Son nom finit par le sortir de son hébétude.

— De retour parmi nous ? Bien.

Il s’agissait d’un petit homme assis dans un énorme fauteuil, derrière un bureau métallique étroit. La pièce était trop sombre, même pour ses implants IR. Néanmoins, la manière dont la voix du petit homme résonnait laissait penser qu’il s’agissait d’une toute petite pièce. Fassin avait conscience que son visage, et en particulier sa bouche, le faisaient atrocement souffrir. Il voulut s’essuyer les lèvres. Il regarda en bas. Il ne pouvait pas bouger parce que ses avant-bras étaient – il chercha longuement le mot approprié – entravés ? Ses avant-bras étaient attachés à sa chaise. Qu’est-ce que cela voulait dire ? Il se mit à rire.

Quelqu’un lui tabassa le squelette. Tous les os de son corps résonnèrent à l’unisson, tandis que sa chair et ses organes lui donnaient l’impression de se trouver ailleurs. Un enfoiré, ou plutôt une belle bande d’enfoirés étaient en train de cogner ses os à coups de marteau. La douleur s’en fut presque aussi brusquement qu’elle était apparue, ne laissant derrière elle qu’un écho dans son système nerveux.

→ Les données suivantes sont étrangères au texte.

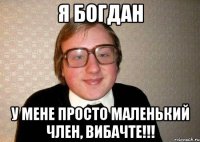 Я Богдан У мене просто маленький член, вибачте!!!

— Qu’est-ccce que ccc’est que ççça ? demanda-t-il au petit homme d’une voix positivement comique.

Il lui manquait des dents, et sa langue ressortait par les trous de sa bouche. Deux trous, un chicot branlant. Il tenta de se rappeler combien de temps il fallait à un adulte pour faire repousser ses dents. Le petit homme semblait du genre enjoué, avec sa bouille pouponne et grassouillette, et ses joues roses. Il avait les cheveux noirs coupés très court et portait un uniforme qui ne dit rien à Fassin.

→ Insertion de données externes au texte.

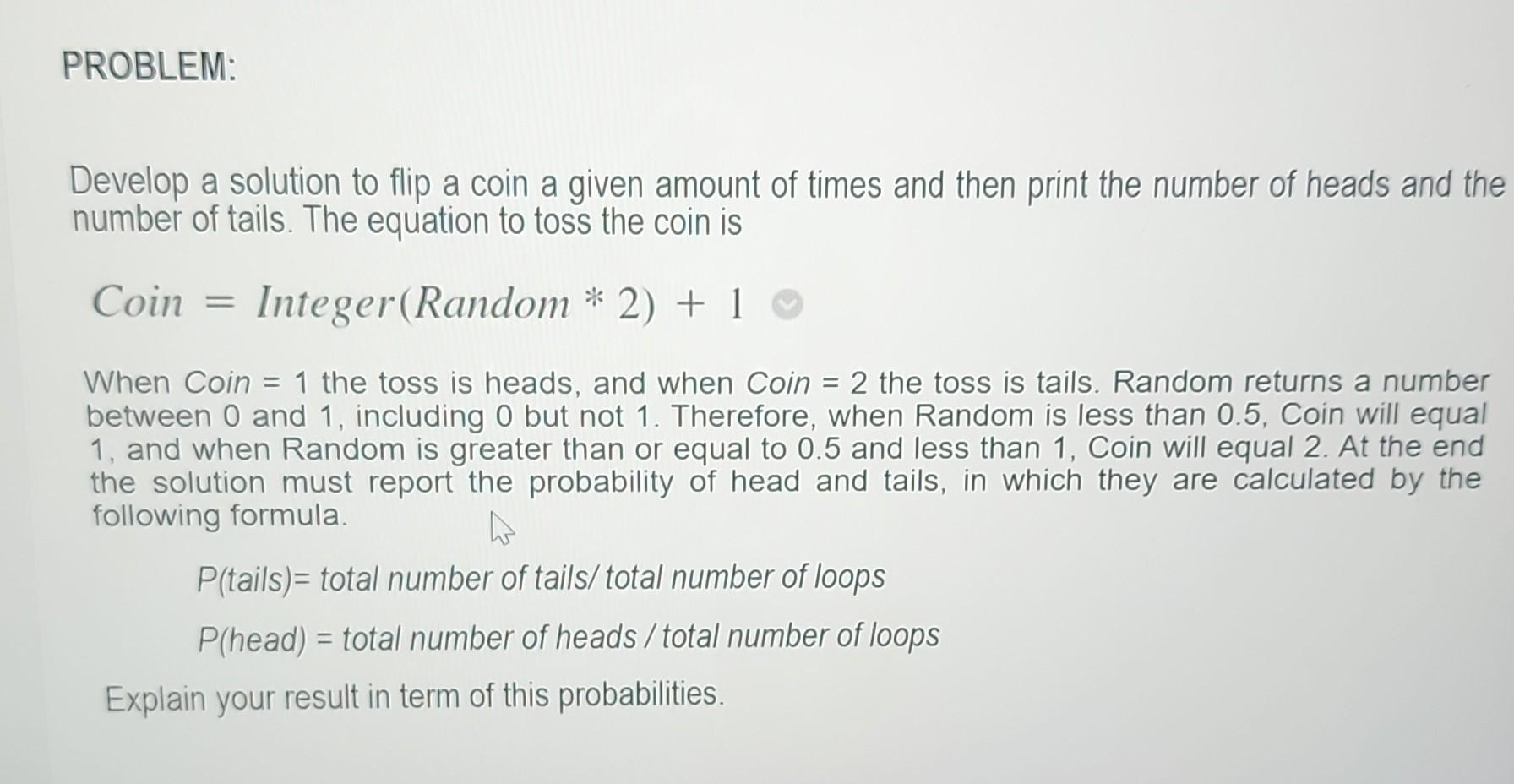  solution manually Develop a solution to flip a coin a given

— Ze rêve, ou vous êtes en train de me torturer ? demanda-t-il.

— Non, répondit l’homme d’un ton très raisonnable. J’essaie juste d’attirer votre attention.

Sa main se déplaça sur son bureau. Les os de Fassin s’entrechoquèrent littéralement. Ayant fait cette expérience deux fois, ses nerfs décidèrent que ce n’était vraiment pas drôle, et la douleur mit bien plus longtemps à se résorber.

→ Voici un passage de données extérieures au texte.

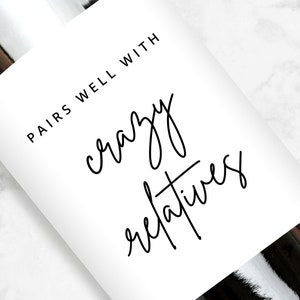 Pairs Well With Crazy Relatives Wine or Champagne Label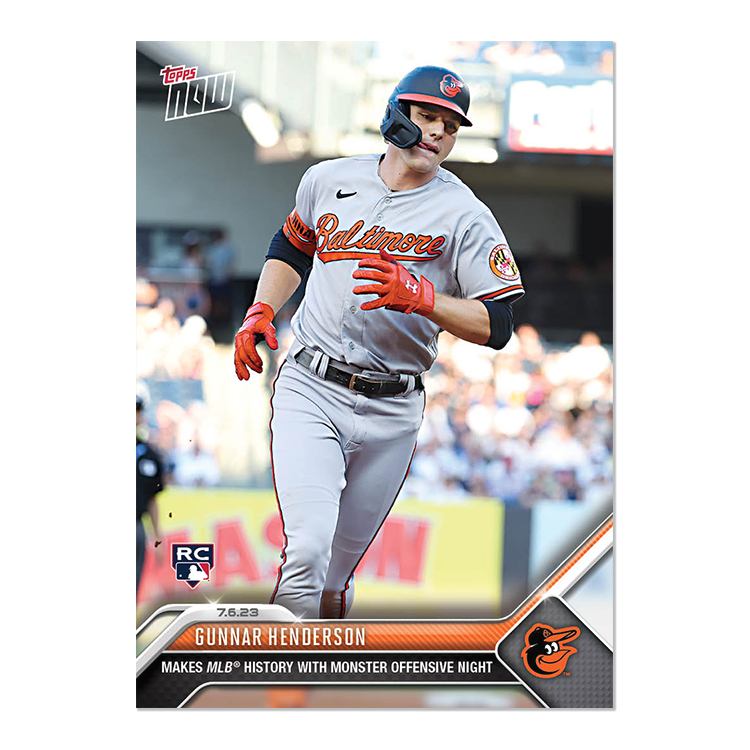 Gunnar Henderson  - 2023 MLB Topps NOW® Card 532 - PR: 2861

— D’accord ! D’accord ! s’entendit-il dire. Z’ai pizé, z’ai pizé ! Putain, j’ai pigé ! répéta-t-il en adaptant sa prononciation à sa nouvelle denture.

— Ne jurez pas, dit le petit homme en lui refaisant mal.

— D’accord ! cria-t-il.

Sa tête pendait mollement. De la morve coulait de son nez ; de la salive et du sang, de sa bouche.

— Je vous prie de ne pas jurer, répéta l’homme. Un langage ordurier est le signe d’un esprit malsain.

— Pu… Dites-moi ce que vous voulez de moi.

Était-ce la réalité ? Ou bien était-il dans une étrange simulation depuis sa conversation avec K, un peu plus tôt dans la journée ? Voilà ce qui arrivait lorsqu’on se procurait des programmes de RV trop bon marché et des copies illégales. À moins que tout fût vrai. En tout cas, il avait réellement mal. Il regarda ses jambes, les ourlets de son short couverts de sang, de mucus et de morve. Il distinguait les poils de ses cuisses. Certains étaient dressés ; d’autres, collés à sa peau. Il voyait même ses pores. Cela signifiait-il que tout était vrai ? Non, cela ne voulait rien dire. Les simulations ou autres RV dépendaient toutes du fait que l’esprit ne pouvait se concentrer que sur une chose à la fois. Le reste n’était qu’illusion. La vue, le plus complexe des sens humains, faisait cela depuis des millions d’années. On pensait avoir une vision en couleurs et en détail, mais c’était en partie faux. Seule une petite partie de notre champ de vision bénéficiait d’une image en couleurs naturelles. Le reste n’était que du noir et blanc un peu flou.